In der Affäre um den verurteilten Schweizer Ex-Spion Daniel Moser hat der Nachrichtendienst des Bundes (NDB) gegen geltendes Recht verstossen. Zu diesem Ergebnis gelangte die zuständige Geschäftsprüfungsdelegation (GPDel), die den Fall in den letzten Monaten aufgerollt hat.
Am 13. März legte die GPDel dem Bundesrat ihren 81-seitigen Bericht vor: Dieser beleuchtet die Hintergründe zweier Aufträge, die der Nachrichtendienst seiner damaligen «Quelle» Daniel Moser erteilt hat. Am 28. April 2017 wurde Moser wegen des Verdachts auf Spionage in Frankfurt am Main verhaftet und im November zu einer bedingten Freiheitsstrafe sowie einer Geldstrafe verurteilt. Seither ist er wieder auf freiem Fuss.
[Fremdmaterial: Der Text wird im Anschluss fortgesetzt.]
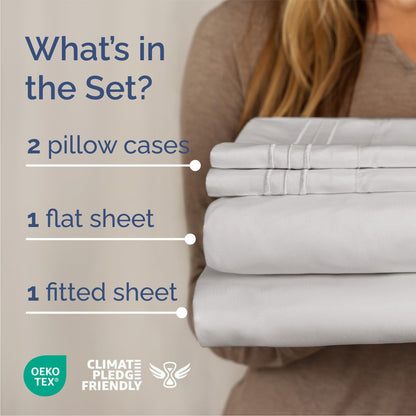 Queen Size 4 Piece Sheet Set - Comfy Breathable & Cooling Sheets - Hotel Luxury Bed Sheets for Women and Men - Deep Pockets, Microfiber, Soft & Wrinkle Free Sheets - French Grey Oeko-Tex Bed Sheet Set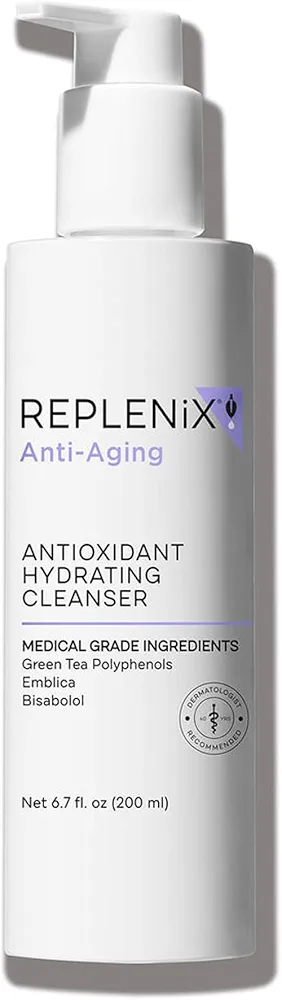 Replenix Antioxidant Hydrating Cleanser, Medical-Grade Gentle Face Wash for Dry & Mature Skin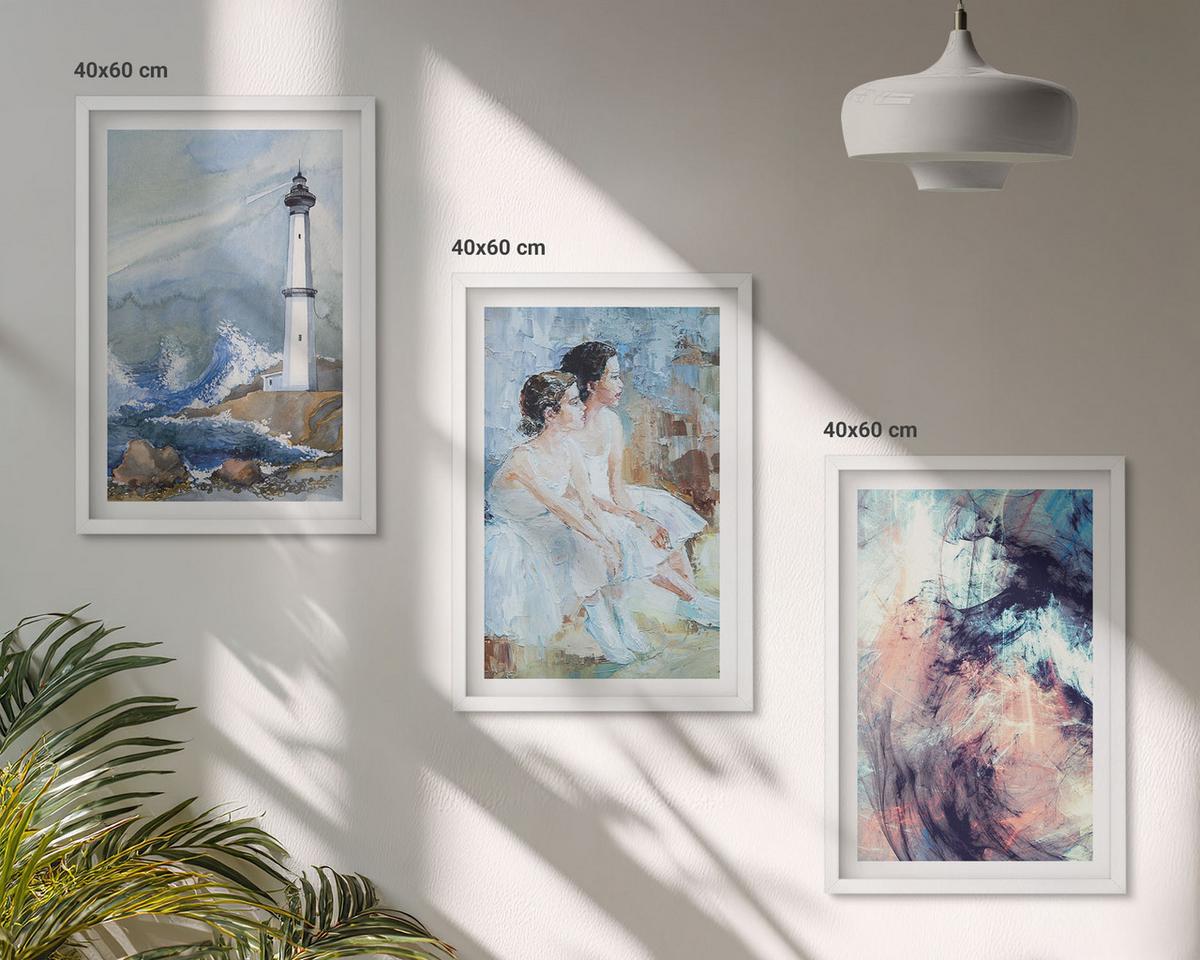 BILDER SET 3er Set - 40x60 cm Weißer Rahmen - Leuchtturm-Abstrakte Tänzerin - Weiß, Kunststoff (40/60cm) - TULUP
Am Montag, dem 26. März haben die Geschäftsprüfungskommissionen (GPK) beider Räte zugestimmt, diesen Inspektionsbericht der GPDel «ohne die geheim klassifizierten Inhalte» zu veröffentlichen. Das umfassende Schreiben zeigt: Der NDB hat nicht nur zum Teil seine Kompetenzen überschritten, sondern im Gerichtsverfahren auch noch den Schutz seiner ehemaligen Quelle vernachlässigt.
Ein erstes Mal habe der NDB die Dienste von Daniel Moser am 28. Juni 2011 in Anspruch genommen: Moser sollte damals die «ergänzenden Personalien» von drei deutschen Steuerfahndern beschaffen, gegen welche die Schweizer Behörden im Rahmen eines Datendiebstahls bei der Grossbank Credit Suisse ermittelten.
Diese Operation hätte allerdings nicht über den Weg der Auslandbeschaffung, sondern durch die Inlandbeschaffung durchgeführt werden müssen, schreibt die GPDel in ihrem Bericht. «Die Informationsbeschaffung erfolgte deshalb nicht in Übereinstimmung mit dem damals geltenden Recht.»
Der Name Daniel Moser tauchte im August 2012 erneut in den Akten des NDB auf: Damals war die Steuerverwaltung von Nordrhein-Westfalen (NRW) in den Besitz von UBS-Bankkundendaten gelangt. Der Schweizer Spion sollte deshalb für den Bund eruieren, wer für den Datendiebstahl verantwortlich war.
Eine «Subquelle» habe dafür 90 000 Euro verlangt, davon 60 000 als Vorauszahlung. «Am 12. Dezember 2012 wurde dieser Auftrag an Daniel Moser vom Chef der Beschaffung des NDB bewilligt.» Laut Moser habe er danach einen Maulwurf bei der Steuerverwaltung des Bundeslandes NRW eingeschleust. «Als verschiedene Versuche des NDB, Daniel Moser erneut zu kontaktieren, scheiterten, wurde die Operation auf den 31. Mai 2014 eingestellt», heisst es weiter.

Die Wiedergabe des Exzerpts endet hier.